You see, “Black/Brown/other ethnic women wake up in the morning, look in the mirror, and see Black,/Brown/ethnic women.White women wake up in the morning, look in the mirror, and see women. White men wake up in the morning, look in the mirror, and see human beings“. This is how privilege works.
Taken from this article
http://riseresistandrevolt.wordpress.com/2013/05/25/understanding-white-privilege-and-our-mental-colonisation-british-fascism-revived-in-woolwich/ (via gtsmltb)
Yup.
(via glossylalia)
no. when I wake up in the morning and look at myself, I see a woman, full-stop. It’s others who label me.
I’m not saying my heritage isn’t important to me, I’m not saying that I don’t also see myself as a brown woman, but fuck it, I don’t see myself as deviating from the default, or whatever. It’s others who do that to me.
I don’t other myself. It is a violence done unto me.
(via funnierinpylean)
I see myself as deviating from the default because “default” shouldn’t exist but it does. I see myself as a Black woman, not as an othering done to myself but as a fact. I don’t feel the need to be associated with a concept that shouldn’t exist. A colorless society doesn’t exist and that’s not my fault, and I am othered every day but it doesn’t mean that my self ID is othering. I take power in what I am in the face of those who would try and use it to other me.
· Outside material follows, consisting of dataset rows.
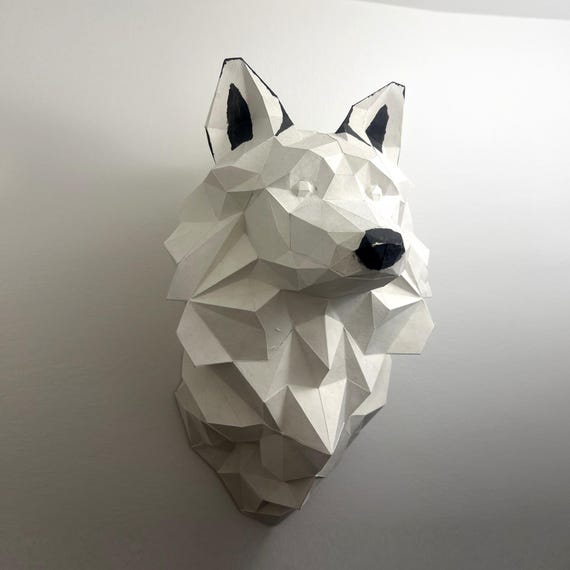 Loup sculpture papercraft, puzzle 3D imprimable, patron Pdf papercraft pour faire ton loup décoration murale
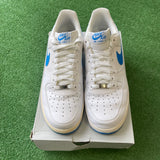 Nike White Blue Low Air Force 1s Size 10.5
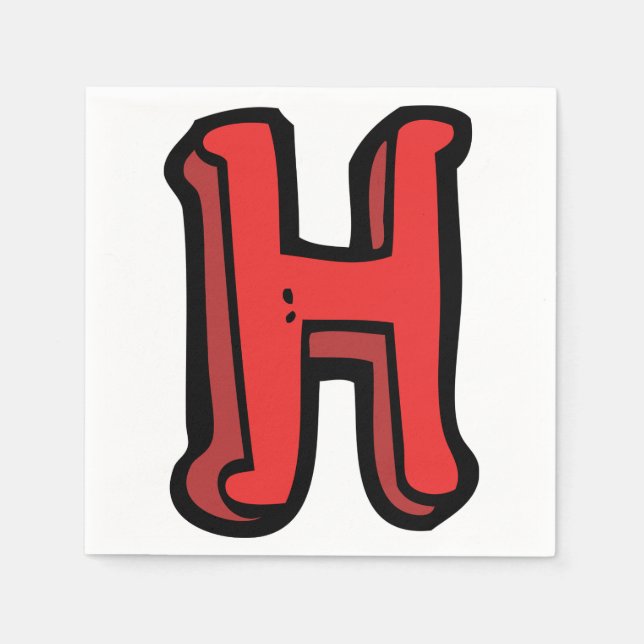 Letter H Paper Napkins (Front)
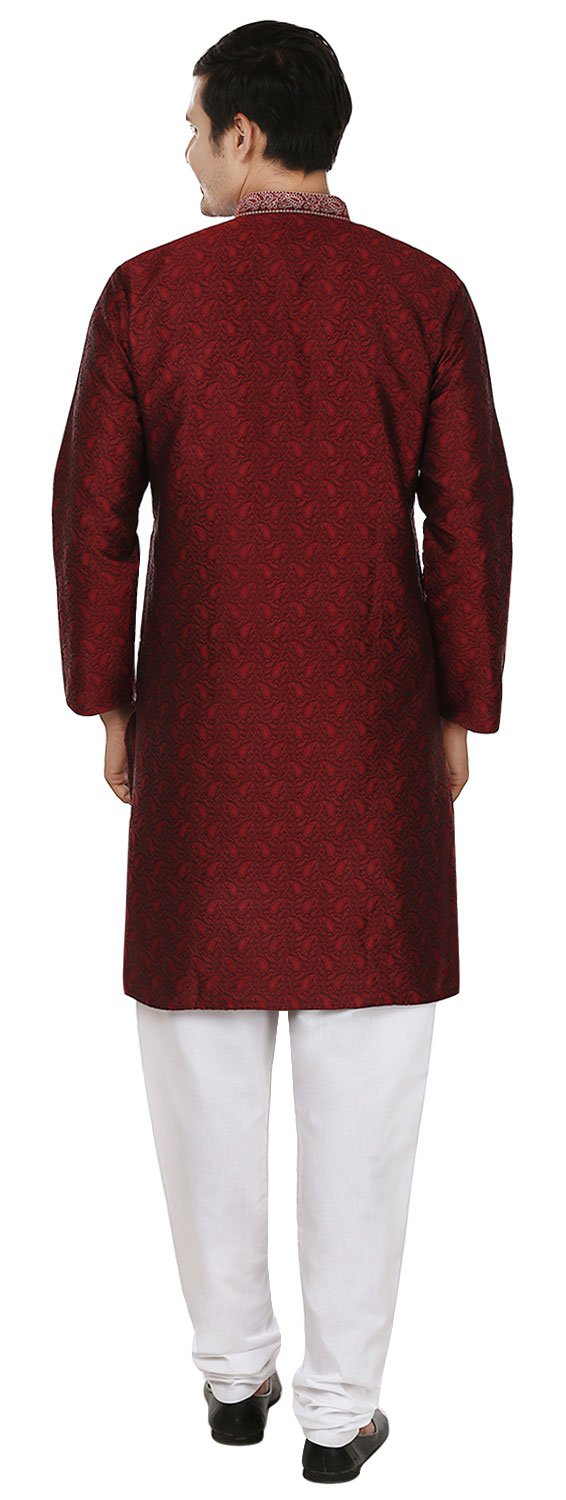 Maple Clothing Men's Kurta Pajama Set - Premium Poly Silk Indian Traditional Wear for Wedding & Festive Occasions | Perfect for Diwali, Eid & Cultural Celebrations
That’s also not really what I took out of the article. I think it’s less about wholly self ID and more about how we see ourselves in relation to the hierarchical whole and how that effects us as a society. As a part of the whole, I am a Black Woman, that is something that until the whole changes, I will never NOT be in this society, I will always have identifiers and qualifiers until and unless those things become moot. As of now those thing still mean something both historically and currently, and the reason why that is might not have anything to do with me individually, it is still something that I have to consider before walking out of the house every day, however I choose to consider it, it still has to be considered. White people very often do not have to consider their Whiteness, as the world they live in is constructed around them, I have to consider the whole of my identifiers to be able to navigate in that world.